Pro-European Conservatives have launched an attempt to turn back the Eurosceptic tide within the party that they fear is sweeping Britain towards the EU exit door.
Tory MPs who describe themselves as "Euro realists" claim the "silent majority" of the public do not want the UK to quit the EU. But they believe that a reluctant David Cameron is being pushed in that direction by Eurosceptic Tories.
The Prime Minister insists he wants the UK to stay in a reformed EU, but in a much-promised speech later this month will pledge a referendum after the 2015 election on the terms of membership. That has raised fears of British withdrawal if voters reject the "new settlement" that Mr Cameron wins.
One senior Tory MP said yesterday: "He is trying to get the hardline Tory Eurosceptics and the UK Independence Party off his back but he is quietly urging others to make the positive case. He thinks his speech will close down the debate until after 2015 but it will open up a Pandora's box."

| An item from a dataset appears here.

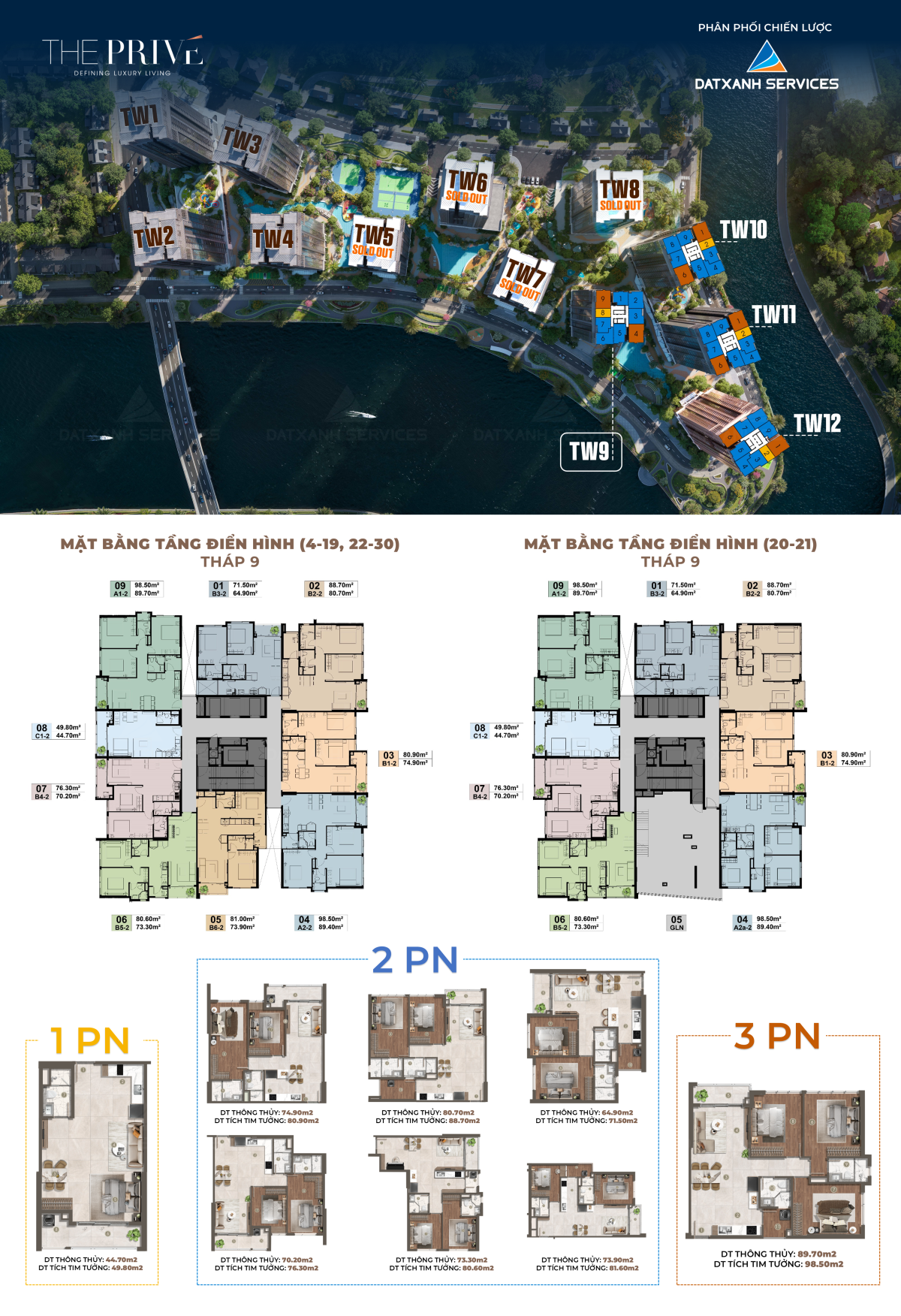 Mặt bằng Tháp 5-6-7 tầng 4-19 & 22-31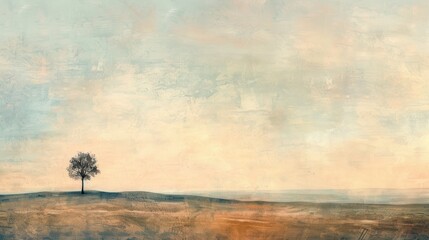 A solitary tree stands on a gentle hill under a vast, subdued sky in this serene, minimalist landscape painting. - obrazy, fototapety, plakaty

A new cross-party think tank, the Centre for British Influence Through Europe, will be launched on 30 January and one of its backers, the former Labour minister Lord Mandelson, told i yesterday: "Quite a number of Tory MPs are fed up with the hardliners grabbing all the limelight. David Cameron needs the other side of the argument - those with a pragmatic, balanced view of Europe - to get organised and speak up."